3) what are decorators?

A)

A Decorator function takes a function as an argument. And, adds some functionality to it. With the “@” we can identify the Decorator.

4) what is overloading?

A)

In simple terms, showing the multiple behaviors for a single operation. Two types of overloading: 1) Operator overloading and 2) Function overloading

Operator overloading : +, – , *
Function overloading: Python does not support functional overloading. Indirectly, we can implement this using the i) Default parameters ii) Variable length arguments iii) functools

Learning PySpark Easy to Read Book

5) How is memory managed in Python?

A)
Python allocates memory from two areas. i) Stack memory ii) Heap memory. Python also has Object pools (for small objects) and memory blocks for larger objects. The Garbage collector recycles and releases memory from the unused objects.

6) What are Python modules?

A)

The Python modules are math, os, sys, datetime etc.

7) what are local and global variables in Python?

Local variables are local to the functions: the scope is within the function where it is declared. On the other hand, we can use global variables anywhere in the program (global keyword). Unlike local, they declare outside of the function.

8) What’s the Diff between .py and .pyc file?

A)

.py ==> Human readable Python code: Developers written code.

.pyc => Generated by Python interpreter to speed up the module loading.

9) Is Python an interpreted or compiled language?

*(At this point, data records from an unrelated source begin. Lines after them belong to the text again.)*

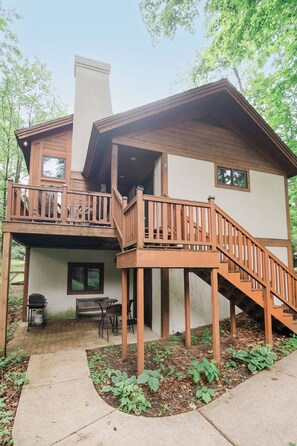 Exterior - Modern Cabin, Ski-In/Out, Heated Pool Avail! (Boyne Falls)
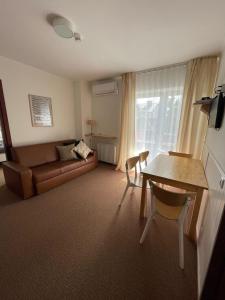 查普伊Villa Baltic Apartament nr 3的客厅配有沙发和桌子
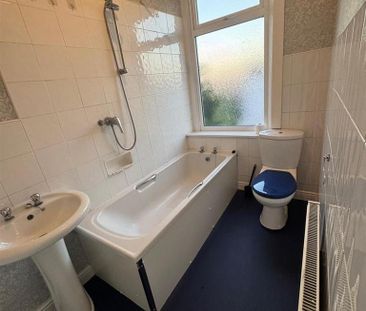 3 bedroom terraced house to rent - Photo 6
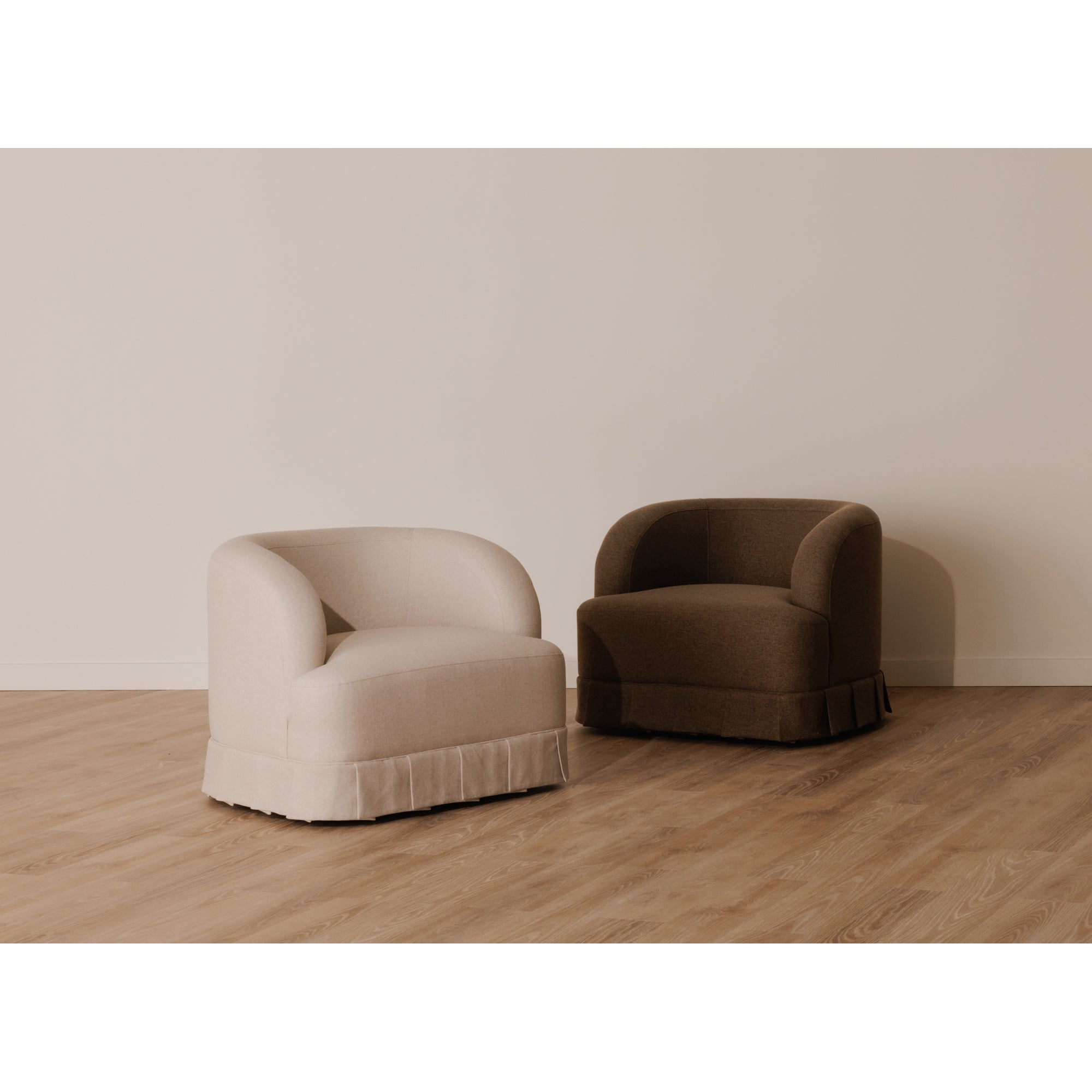 Maren Swivel Chair Brown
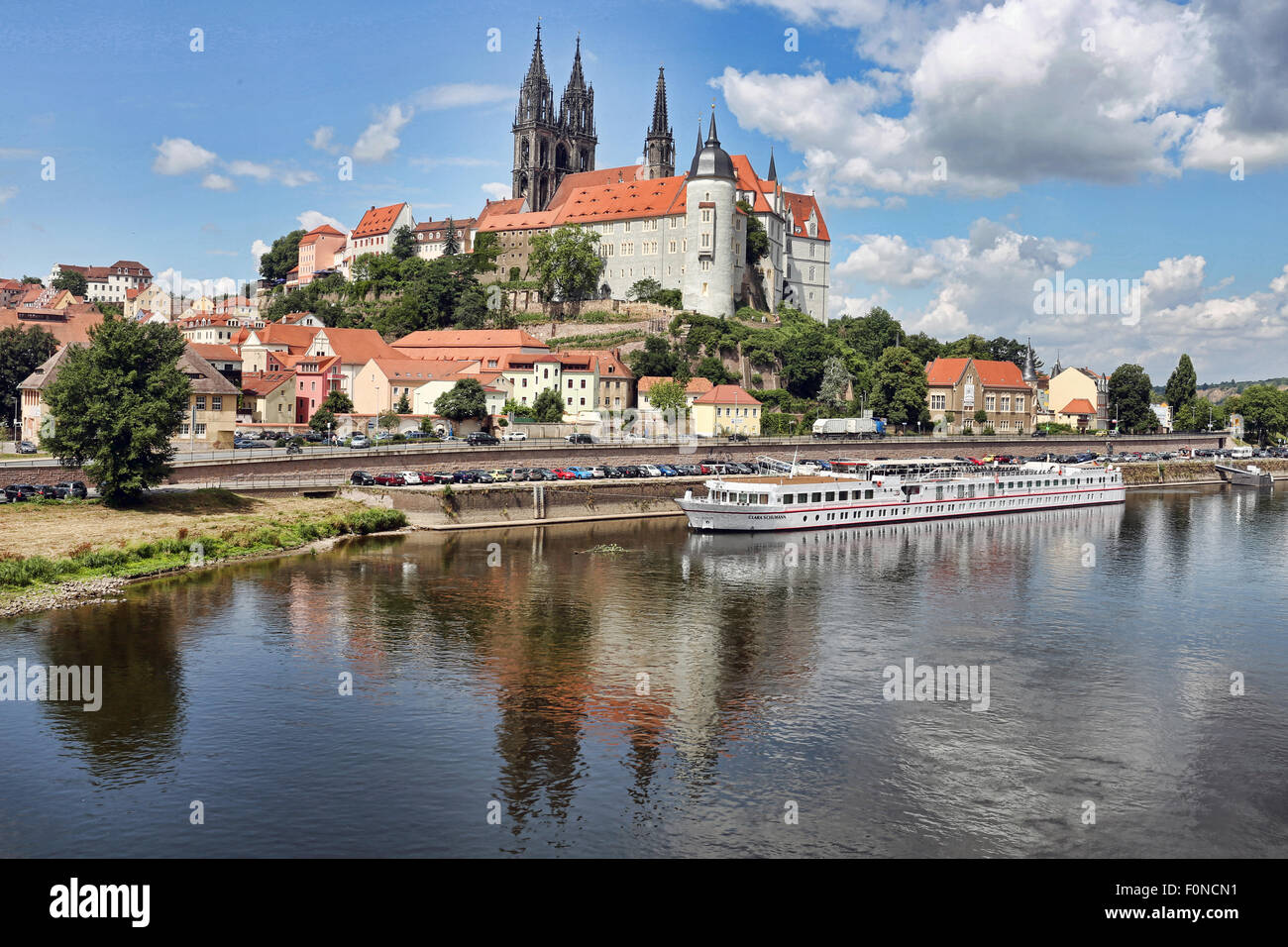 Castle hill with Albrechtsburg and Cathedral reflected in the water of the Elbe, Meissen district, Saxony, Germany Stock Photo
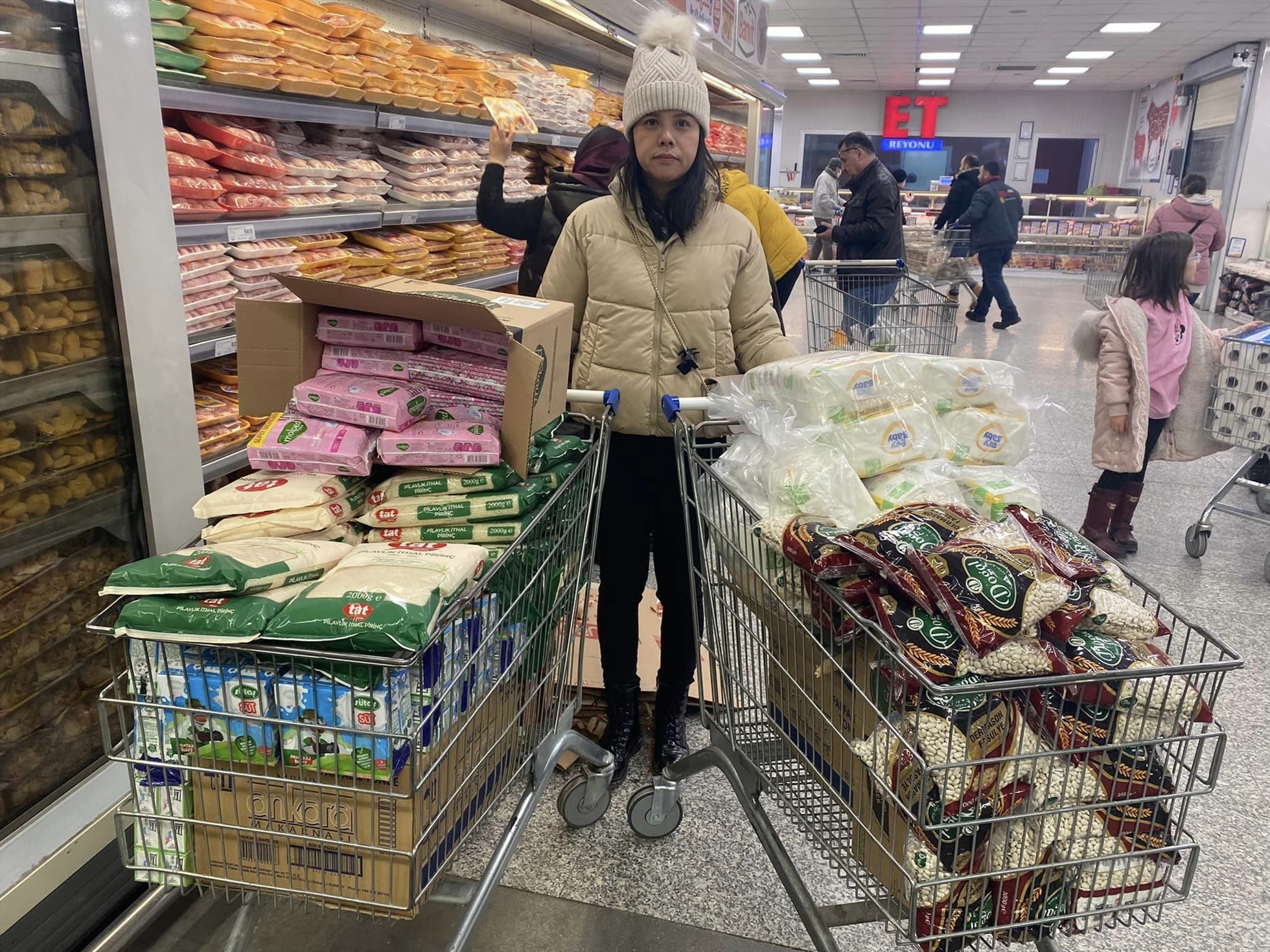 Chị Ngọc An mua các nhu yếu phẩm gửi đi các điểm cứu trợ. Ảnh: NVCC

Python is an interpreted language

10) How do we read Excel or CSV files in Python?

A).
CSV files:

import csv
with open("file path", "r") as f:
csv_reader=csv.reader(f)
for c in csv_reader
print(c)

Excel files:

from openpyxl import load_workbook
workbook = load_workbook('path')
sheet = workbook.active
for row in sheet.iter_rows(values_only=True):
print(row)

11) what is slicing?

A)
Return a new slice object with the given values. The start, stop, and step parameters are used as the values of the slice object attributes of the same names. Any of the values may be NULL, in which case None will be used for the corresponding attribute.

12) What is Pickling?

“Pickling” is the process whereby a Python object hierarchy is converted into a byte stream.

Program questions:

1) Write a Python program to print the occurrence of numbers in a list?

A).

numbers = [1, 2, 2, 3, 4, 4, 4, 5, 6, 6, 7, 8, 8, 8, 8]
occurrences = {}
#
for number in numbers:
if number in occurrences:
  occurrences[number] += 1
else:
  occurrences[number] = 1
for number, count in occurrences.items():

print(f"{number},{count}")

2) Write a Python program to print common letters from all the words in a list
Eg: I/P: [‘Phani’, ‘Virat’, ‘Chaimp’]
O/P: a, i
?

Using set, and intersection we can achieve this

inp = ['Phani', 'Virat', 'Chaimp']

res = set(inp[0].lower())

for i in range(1, len(inp)):
    res = res.intersection(set(inp[i].lower()))

out=sorted(list(res))
print(out)

SQL:

1) what is coalesce?

A).
The coalesce in SQL gives the first non-null column values. If all the columns are null, it gives a specified value.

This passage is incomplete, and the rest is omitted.